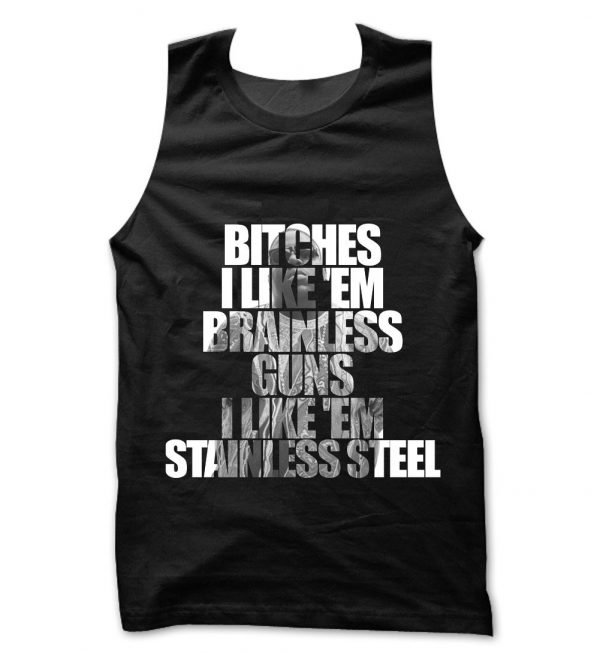 Bitches I Like Em Brainless Guns I Like Em Stainless Steel tank top / vest by Clique Wear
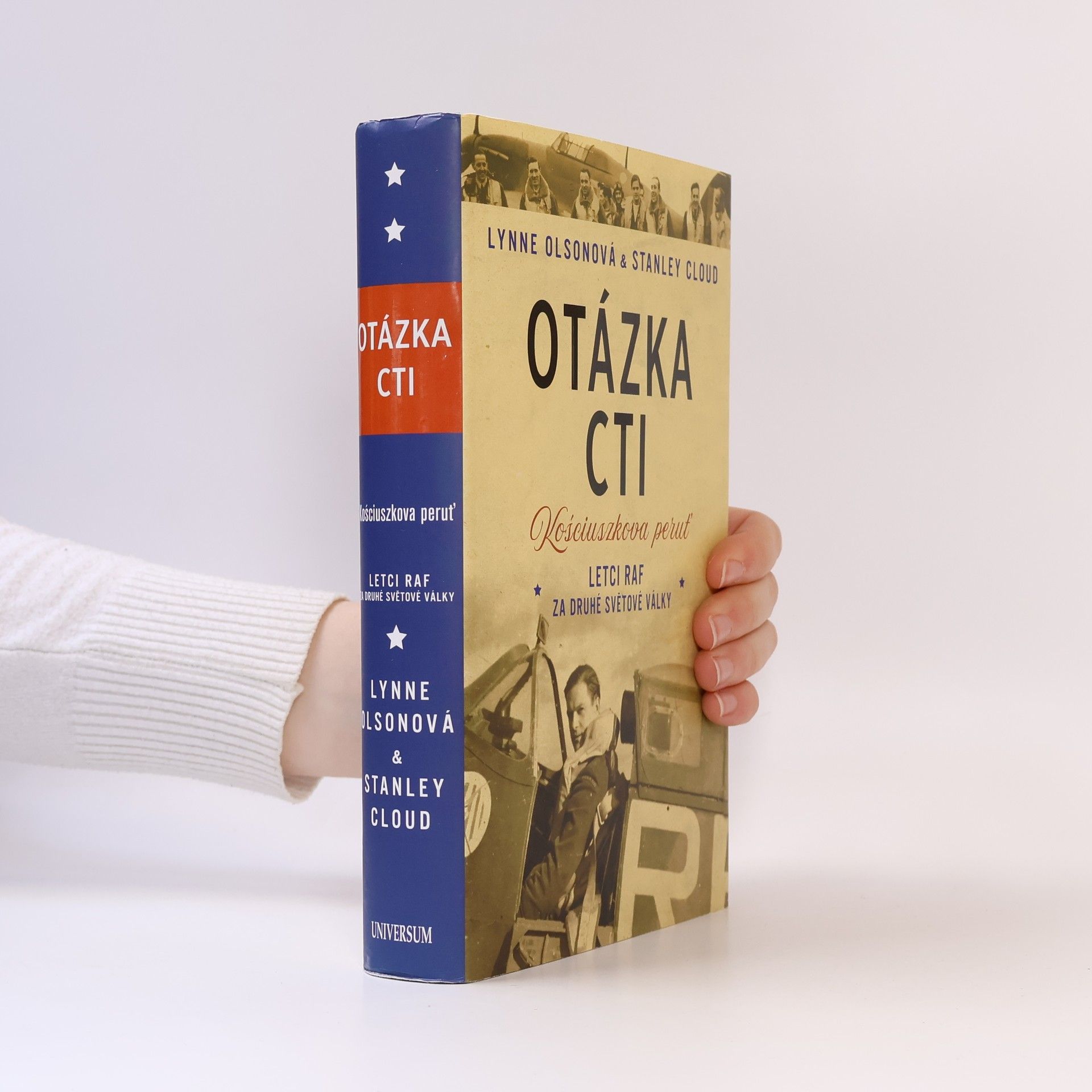 Lynne Olson Otázka cti: Kościuszkova peruť : letci RAF za druhé světové války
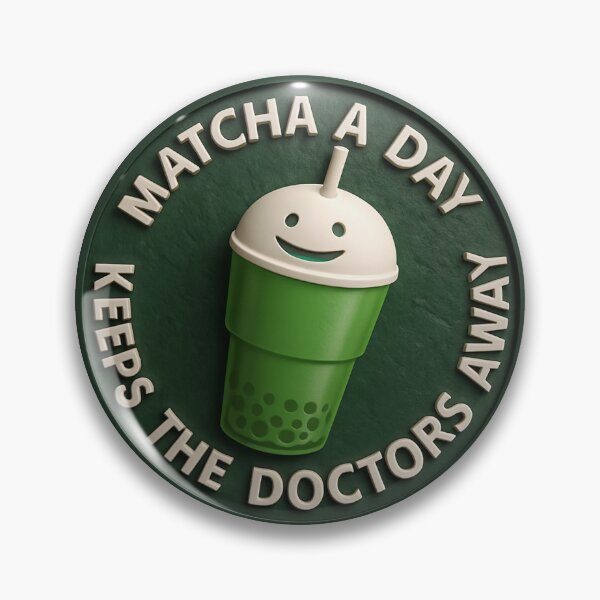 Item preview, MATCHA A DAY KEEPS THE DOCTOR 3D designed and sold by stevegraphix.
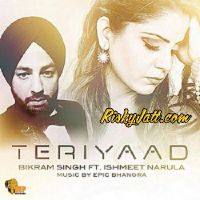 Teri Yaad (ft Ishmeet Narula , Epic) Bikram Singh mp3 song ringtone, Teri Yaad Bikram Singh Ringtone Download - DjPunjab.Com.Mx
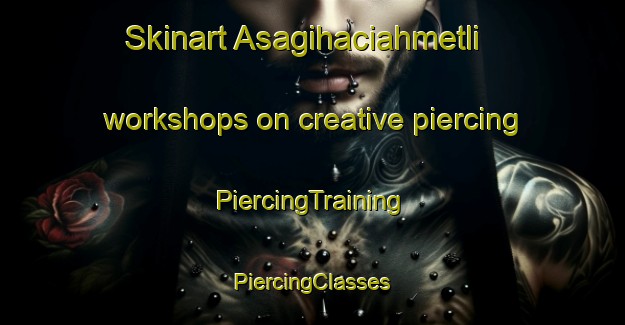 Skinart Asagihaciahmetli workshops on creative piercing | #PiercingTraining #PiercingClasses #SkinartTraining-Turkey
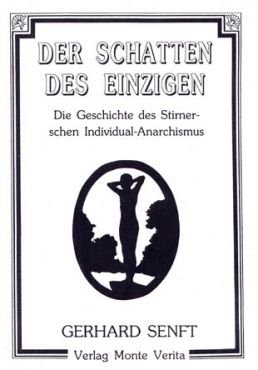 Der Schatten des Einzigen. Die Geschichte des Stirnerschen Individual-Anarchismus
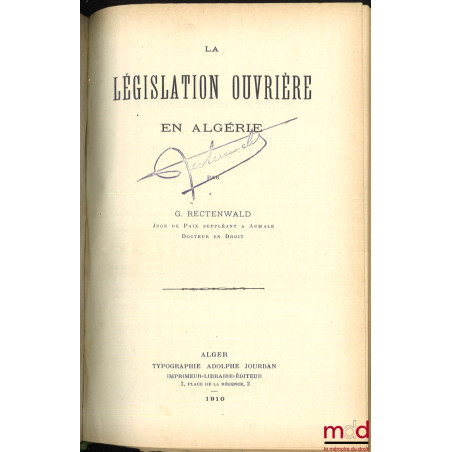 ÉTUDES DE LÉGISLATION ALGÉRIENNE : - DES OEUVRES D?ASSISTANCE SPÉCIALES AUX INDIGÈNES EN ALGÉRIE, Contribution à l?Étude des...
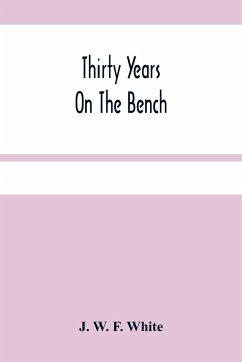 Thirty Years On The Bench - W. F. White, J.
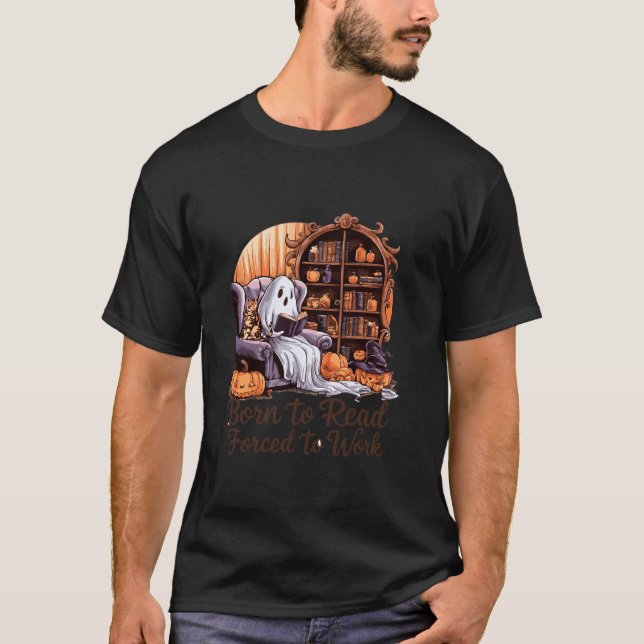 Ghostly Design Born To Read Forced To Work  T-Shirt (Front)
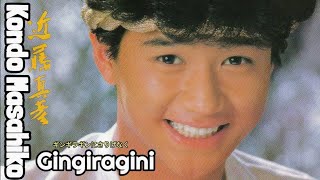 Kondo Masahiko 곤도 마사히꼬  Gingiragini 긴기라기니 J POP [upl. by Enilkcaj]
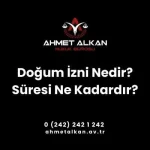 Doğum izni hamile veya yeni doğum yapmış kadın işçinin doğum öncesinde ve doğum sonrasında belirli bir süre çalıştırılmamasını ifade eder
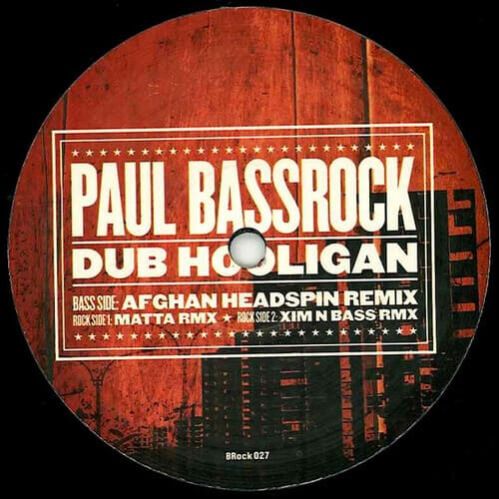 Paul Bassrock - Dub Hooligan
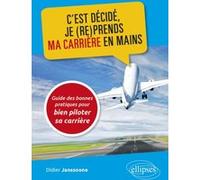 C'est Décidé, Je (Re)Prends Ma Carrière En Mains - Guide Des Bonnes Pratiques Pour Bien Piloter Sa Carrière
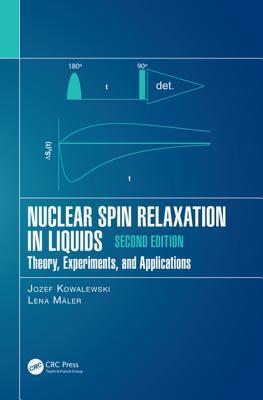 Read Online Nuclear Spin Relaxation in Liquids: Theory, Experiments, and Applications, Second Edition - Jozef Kowalewski file in ePub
....
Your answer must be an exact transcription of every entry, minus the pictures.

 Bitches I Like Em Brainless Guns I Like Em Stainless Steel tank top / vest by Clique Wear
 Lynne Olson Otázka cti: Kościuszkova peruť : letci RAF za druhé světové války
 Item preview, MATCHA A DAY KEEPS THE DOCTOR 3D designed and sold by stevegraphix.
 Teri Yaad (ft Ishmeet Narula , Epic) Bikram Singh mp3 song ringtone, Teri Yaad Bikram Singh Ringtone Download - DjPunjab.Com.Mx
 Skinart Asagihaciahmetli workshops on creative piercing | #PiercingTraining #PiercingClasses #SkinartTraining-Turkey
 Der Schatten des Einzigen. Die Geschichte des Stirnerschen Individual-Anarchismus
 ÉTUDES DE LÉGISLATION ALGÉRIENNE : - DES OEUVRES D?ASSISTANCE SPÉCIALES AUX INDIGÈNES EN ALGÉRIE, Contribution à l?Étude des...
 Thirty Years On The Bench - W. F. White, J.
 Ghostly Design Born To Read Forced To Work  T-Shirt (Front)
 Kondo Masahiko 곤도 마사히꼬  Gingiragini 긴기라기니 J POP [upl. by Enilkcaj]
 Doğum izni hamile veya yeni doğum yapmış kadın işçinin doğum öncesinde ve doğum sonrasında belirli bir süre çalıştırılmamasını ifade eder
 Paul Bassrock - Dub Hooligan
 C'est Décidé, Je (Re)Prends Ma Carrière En Mains - Guide Des Bonnes Pratiques Pour Bien Piloter Sa Carrière
 Read Online Nuclear Spin Relaxation in Liquids: Theory, Experiments, and Applications, Second Edition - Jozef Kowalewski file in ePub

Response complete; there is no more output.